With the help of an incredible group of volunteers, some key donors, devoted media team, staff, crew and cast, the countless hours paid off.  The media saw the the significance of the work, and spread the word like wildfire.  


Chicago Tribune, Barbara Brotman
WGN-TV, Amy Rutledge
Chicago Tribune, Brian Cox
Fox-TV
WNPR, Cheryl Corley


Patrons called their friends, and attended in groups from faith communities and schools. Inter-generational families, families with young children poured in, each hoping to connect to the story and to hear Ela, to hear her story personally as one of the few remaining Holocaust survivors, and last living cast member. We wanted to reach new opera-goers, and expose as many people as possible to this story, and this wonderful opera.  Over 85% of those in the audience saw Brundibár for the first time.  Many of those counted Brundibár as their first-ever opera experience. 


Touching, yes, Memorable, yes.  A high percentage of every audience sought out Petite Opera staff, thanking us for putting on this production that touched them so deeply.  There were standing ovations, tears, and warm hugs after each performance–often from those who had been total strangers before the performance.


Patrons have been writing us about their experiences, and have agreed to let us share them with you.  Several are shown below.  These are just as sampling of those we received:

Dear Petite Opera,


I read about Petite Opera and its production of Brundibar in Barbara Brotman’s Nov 3 Tribune story.  Lucky for me that I did.  Upon reading her column, I immediately jumped online to purchase two tickets for what sounded like a special experience.  

I attended your November 21 performance. and am writing to congratulate you on producing such a magnificent Experience.  

Everything about yesterday evening was extraordinary – and moving.  The venue and its interior layout and design (evoking the space at Terezin where Brundibar was performed), the remarks by your Petite Opera Executive Director, the children’s performance (extraordinary!), the music (outstanding) and of course, hearing from Ela Stein Weissberger, an original cast member and an eyewitness to Brundibar’s history and the entire, horrifying context in which it was conceived and produced.  

Even your intermission was so beautifully choreographed.  

I found the whole evening quite moving.  

Thank you for everything you are doing to assure young people are exposed to opera.  And thank you for presenting Brundibar, a uniquely important work, in such a respectful, fulfilling and beautifully educational way.  

Sincerely,
Susan Missner 
Dear Petite Opera,

Congratulations on your recent production of Brundibar.
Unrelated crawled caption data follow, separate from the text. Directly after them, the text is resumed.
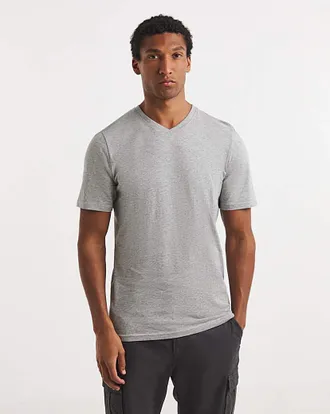 Jacamo Pure Cotton V-Neck T-Shirt Long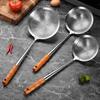 Stainless Steel Large Skimmer with Slotted Spoon for Wooden Handle Heavy-Duty Frying Dumplings Noodles Rust-Proof Dishwasher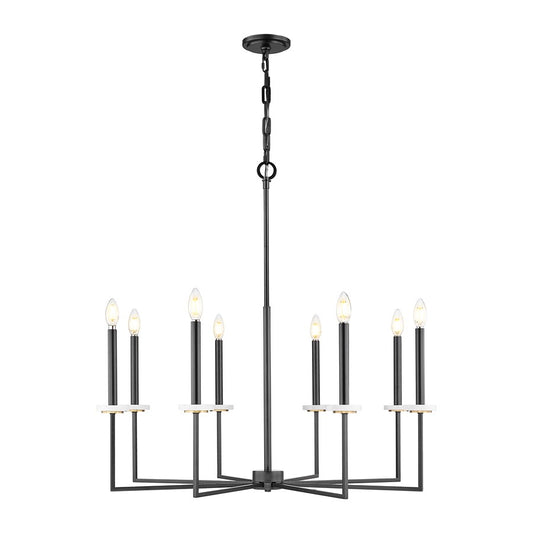 Z-Lite Gaultier 8 Light Chandelier, Matte Black/Mordern Gold - 6100-8MB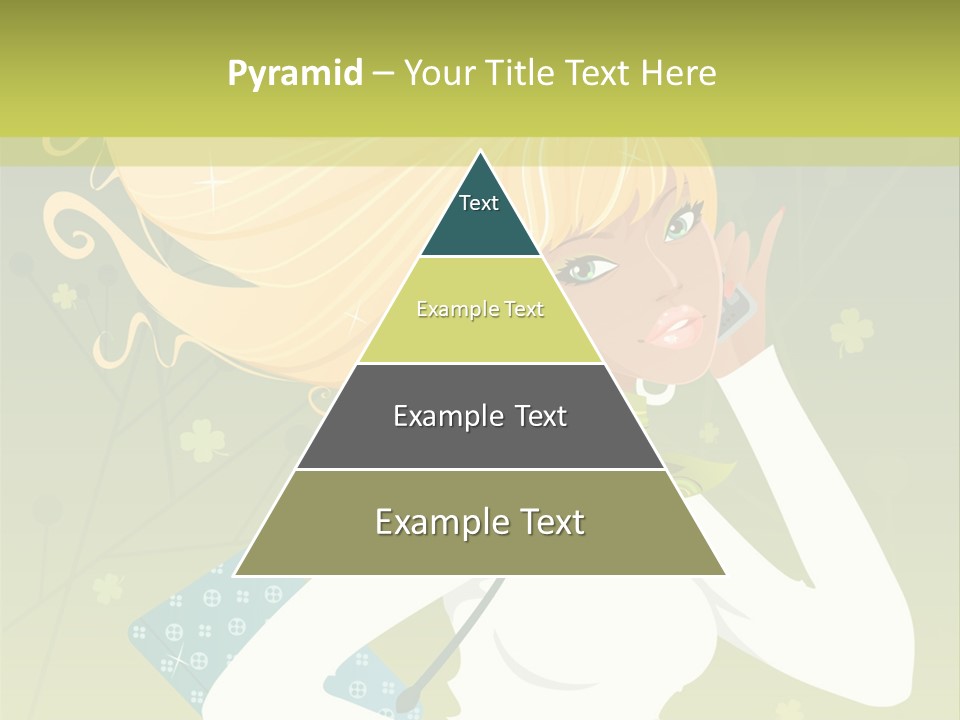 Spring Girl Stock Vector Illustration: PowerPoint Template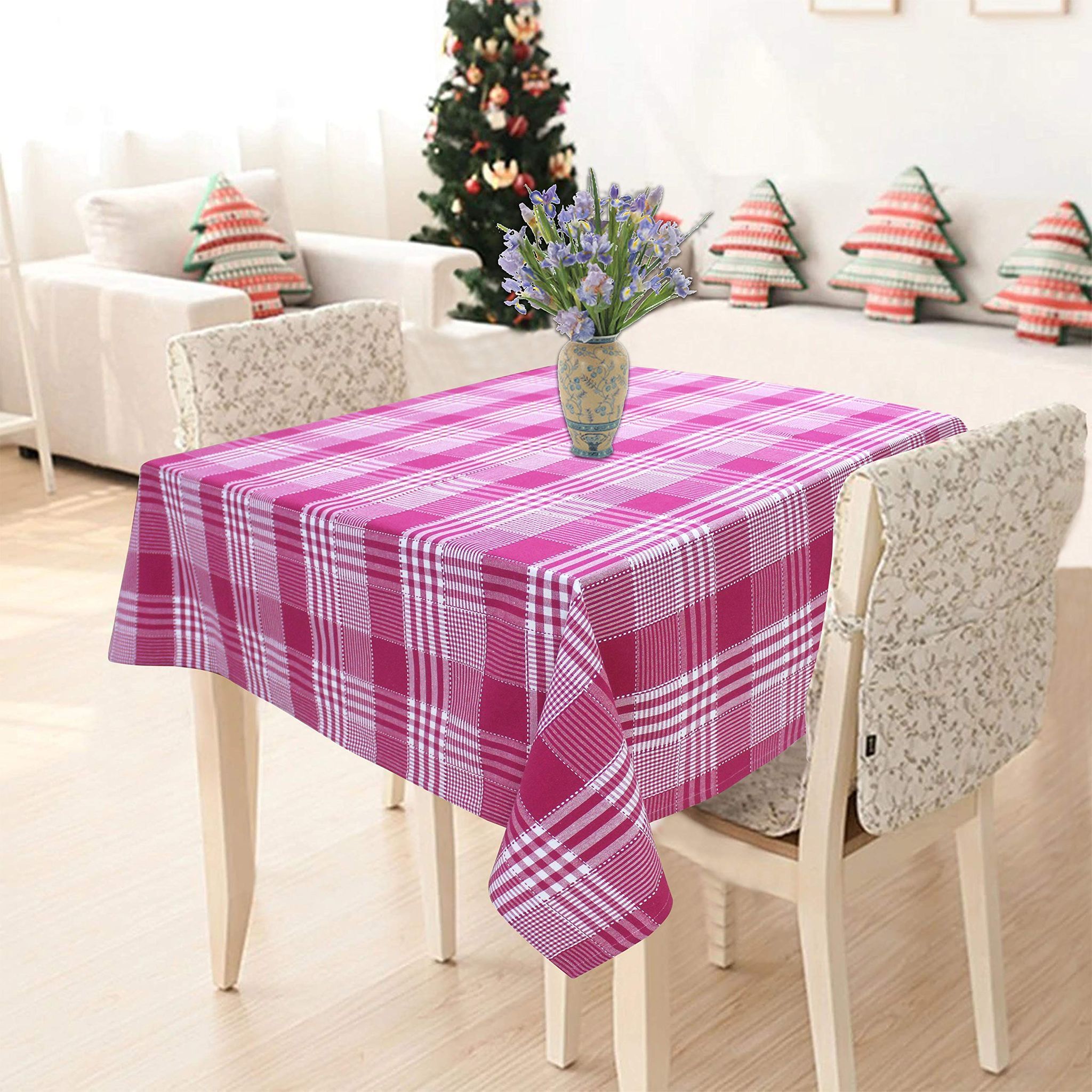 AIRWILL 100% Cotton Checkered Pattern 2 Seater Square Table Cover Sized, 36x36 inches (Pink, Pack of 1)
The young cast was superb, beautifully trained and prepared for an extremely difficult musical and emotional challenge.  Your work toward educating your audience on a story of  the Holocaust that is not well known was outstanding.  Including Ela Weissberger was a gift to your audience.  I have a Masters in Music and love the opera, and I was impressed by the quality of the performance.  Also, the violinist and pianist were superb.  


I was drawn to the performance through the notice on the Illinois Holocaust Website.  Currently, I am a minister and hold a Doctorate in Religious Education, centered on the creative process.  At the time of the performance, I was delivering a paper on Terezin at the Religious Educators Conference, being held in Oakbrook.   Brundibar  was a key part of the paper.  You cannot imagine how meaningful the performance was for me. 

I wanted to let you know that the work you are doing has deep and lasting implications and I am grateful for your contribution to the arts.

With best wishes for continued success.
Rev. Dr. Barbara B. Javore

Petite Opera wanted to touch lives with this moving story.  From the patron comments we received, we’re proud to have done so.  We also wanted to encourage young performers in opera.  Again, we’re proud to say that many of our young Brundibár performers have returned for our November 2015 production.

We want to keep touching lives in our communities.  Whether it be through laughter or tears, we hope that individuals touched by Brundibár will continue to call Petite Opera their home, and join us in new experiences.